SAVE: Most enlightened countries have converted heritage areas like Old Goa with into archeological parks and gardens in toto. For example, Hampi, Borobudur, Angkor Wat, etc
By Tara Narayan
PROF EDGAR F RIBEIRO, experienced and always affectionate, also chief planner for Town & Country Planning Organisation for the Government of India for many years, keeps reiterating one thing. The people (either urban or rural citizens) are not against development and progress — as long as it is of the sustainable kind which will not shatter or worsen the quality of life they live presently. Unfortunately, governments in power in a hurry to reap quick gains today out of political compulsions can be very insensitive to the needs of the very people who vote them into power.
Goa has had excellent regional plans, including the much praised Regional Plan 2021, but here again the powers-that-be were only interested in picking and choosing selectively what suited them to implement and the rest of it was relegated to the dust bin or so to speak.
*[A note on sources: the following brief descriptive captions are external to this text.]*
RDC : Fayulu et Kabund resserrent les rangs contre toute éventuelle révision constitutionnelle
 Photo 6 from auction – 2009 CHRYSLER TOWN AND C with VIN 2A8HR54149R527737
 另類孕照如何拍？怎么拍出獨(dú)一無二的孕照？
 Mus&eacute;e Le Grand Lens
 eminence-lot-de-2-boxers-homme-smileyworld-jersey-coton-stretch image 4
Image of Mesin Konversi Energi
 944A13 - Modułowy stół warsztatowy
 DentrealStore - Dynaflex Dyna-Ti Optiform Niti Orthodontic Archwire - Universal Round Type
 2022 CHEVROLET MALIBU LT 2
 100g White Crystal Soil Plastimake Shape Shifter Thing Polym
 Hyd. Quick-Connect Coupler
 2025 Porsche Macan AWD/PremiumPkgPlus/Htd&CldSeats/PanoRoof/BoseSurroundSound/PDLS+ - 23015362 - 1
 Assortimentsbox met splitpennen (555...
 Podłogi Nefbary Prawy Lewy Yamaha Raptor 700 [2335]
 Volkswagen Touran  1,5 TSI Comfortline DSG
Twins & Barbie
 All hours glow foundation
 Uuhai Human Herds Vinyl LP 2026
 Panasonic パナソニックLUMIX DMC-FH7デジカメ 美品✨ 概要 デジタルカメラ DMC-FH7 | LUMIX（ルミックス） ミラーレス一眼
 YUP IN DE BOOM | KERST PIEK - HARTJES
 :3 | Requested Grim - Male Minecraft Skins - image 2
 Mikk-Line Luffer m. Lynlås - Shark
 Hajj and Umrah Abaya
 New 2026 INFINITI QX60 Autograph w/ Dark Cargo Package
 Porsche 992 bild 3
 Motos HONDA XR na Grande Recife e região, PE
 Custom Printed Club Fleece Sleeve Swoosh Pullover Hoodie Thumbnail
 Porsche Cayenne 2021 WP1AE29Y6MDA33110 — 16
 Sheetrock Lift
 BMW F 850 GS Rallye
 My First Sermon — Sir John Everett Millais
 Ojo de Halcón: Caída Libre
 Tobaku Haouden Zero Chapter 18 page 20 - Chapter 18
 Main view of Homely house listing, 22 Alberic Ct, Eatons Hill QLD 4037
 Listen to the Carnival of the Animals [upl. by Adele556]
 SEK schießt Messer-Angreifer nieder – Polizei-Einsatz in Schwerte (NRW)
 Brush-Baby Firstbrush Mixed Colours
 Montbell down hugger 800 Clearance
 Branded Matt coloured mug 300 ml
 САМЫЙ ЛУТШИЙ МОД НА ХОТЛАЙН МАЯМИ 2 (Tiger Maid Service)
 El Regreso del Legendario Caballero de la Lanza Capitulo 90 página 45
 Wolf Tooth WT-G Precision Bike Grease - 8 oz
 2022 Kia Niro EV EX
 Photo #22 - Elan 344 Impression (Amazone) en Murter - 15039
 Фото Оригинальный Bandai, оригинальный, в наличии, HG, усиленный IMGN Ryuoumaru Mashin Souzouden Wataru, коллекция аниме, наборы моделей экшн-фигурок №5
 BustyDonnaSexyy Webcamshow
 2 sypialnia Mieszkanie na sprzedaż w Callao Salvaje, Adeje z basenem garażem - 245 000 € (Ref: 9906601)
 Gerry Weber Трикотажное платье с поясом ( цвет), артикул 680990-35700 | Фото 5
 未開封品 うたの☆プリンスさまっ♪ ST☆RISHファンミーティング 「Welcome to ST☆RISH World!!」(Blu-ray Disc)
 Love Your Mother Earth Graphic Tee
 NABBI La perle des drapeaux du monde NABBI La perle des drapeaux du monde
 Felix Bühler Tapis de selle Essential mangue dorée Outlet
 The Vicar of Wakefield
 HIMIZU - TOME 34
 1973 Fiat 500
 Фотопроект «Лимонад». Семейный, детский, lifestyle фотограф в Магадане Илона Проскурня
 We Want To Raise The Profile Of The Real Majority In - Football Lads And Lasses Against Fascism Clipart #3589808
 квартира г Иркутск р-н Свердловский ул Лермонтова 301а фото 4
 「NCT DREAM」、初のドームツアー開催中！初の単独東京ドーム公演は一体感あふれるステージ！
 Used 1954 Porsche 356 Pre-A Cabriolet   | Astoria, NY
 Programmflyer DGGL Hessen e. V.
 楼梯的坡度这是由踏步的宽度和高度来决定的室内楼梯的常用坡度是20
Prof Edgar F Ribeiro is very positive about progress and development as long as it takes place along fundamental land use rules and regulations which are framed for the larger good and long-term interests of the land in question and the people. He was speaking to an anxious group of young citizens, architects, students of heritage conservation, at the Charles Correa Foundation located at heritage district Fontainhas, Panaji, on February 15, 2019.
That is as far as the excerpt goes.